*** Supplied material Section Begins ***

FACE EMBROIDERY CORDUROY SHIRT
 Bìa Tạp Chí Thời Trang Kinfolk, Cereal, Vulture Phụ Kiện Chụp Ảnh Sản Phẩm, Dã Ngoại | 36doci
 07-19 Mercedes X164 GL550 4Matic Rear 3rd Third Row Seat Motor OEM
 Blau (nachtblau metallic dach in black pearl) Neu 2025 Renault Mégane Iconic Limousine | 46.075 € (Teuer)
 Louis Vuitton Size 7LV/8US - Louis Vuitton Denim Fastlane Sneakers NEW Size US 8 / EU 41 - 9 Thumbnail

*** Supplied material Section Ends ***

Return all of the material above exactly as it stands.

FACE EMBROIDERY CORDUROY SHIRT
 Bìa Tạp Chí Thời Trang Kinfolk, Cereal, Vulture Phụ Kiện Chụp Ảnh Sản Phẩm, Dã Ngoại | 36doci
 07-19 Mercedes X164 GL550 4Matic Rear 3rd Third Row Seat Motor OEM
 Blau (nachtblau metallic dach in black pearl) Neu 2025 Renault Mégane Iconic Limousine | 46.075 € (Teuer)
 Louis Vuitton Size 7LV/8US - Louis Vuitton Denim Fastlane Sneakers NEW Size US 8 / EU 41 - 9 Thumbnail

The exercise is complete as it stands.